Growing up at Davis Street, I don’t recall political bickering, nor conversations about sexual orientation. However, the “turf and personalities” of a church could collide if an impactful change was proposed.
During my growing up years at Davis Street, the pace of the world was slower. Sundays were quiet. Only essential businesses were open. Unless there was sickness, our family was in church every Sunday.
Today, our pace is entirely different. With many retail businesses open, Sunday is a popular day for shopping.
But there is a busyness impacting families and the choices they make over the course of a weekend. In these over-extended families, church might not be on their top five list of planned activities.
In an article in the Spring 2022 edition of the William and Mary Alumni Magazine, Brian Shallcross, General Manager of the minor league baseball team, the Bowie Baysox, talks about how his organization works to bring people to a game.
When Shallcross started his career, the focus was on “discretionary income,” the extra income a family might have to spend.
Now, Shallcross states the focus is on “discretionary time.” Marketers attempt to figure out how to persuade a family that a baseball game is the best option from the multiple options they consider during a weekend.
For churches attempting to rebuild by focusing on young families, it is critical for pastors, staffs, and congregational leaders to understand “discretionary time.” Churches who acknowledge the impact of “discretionary time” might rethink worship schedules that could be more appealing for young families.
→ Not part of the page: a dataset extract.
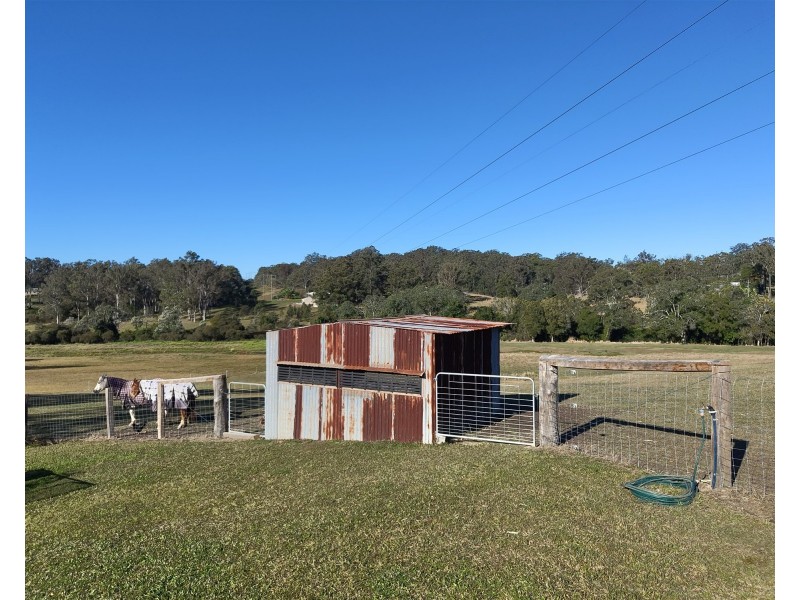 84 Seam Mill Place, Dondingalong NSW 2440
But, I also wonder if congregations become too mired in their own church busyness? Does this church busyness and reliance upon worn practices impair congregational vision? Unfortunately, I believe the answer is yes.
If churches expect to survive this decline, their pastors, staff, and laity must be willing to take risks. Fear of taking risks, failure to implement overdue changes will only ensure more church doors closing.
With this closing of Davis Street, I imagine some significant seismic shifting came from the graves of its founders. Honestly, I admire the congregation for making this difficult decision.
If churches expect to exist beyond the dismal predictions, their leaders and congregations must make some tough decisions.
I believe churches still have a place in our communities.
But their future depends upon their ability to confront the fear of change.
Note from the author: I was honored to have this op-ed piece published in three North Carolina newspapers on Monday, January 23, 2023. The piece appeared in: The Charlotte Observer, Raleigh News & Observer, and the Durham Herald-Sun.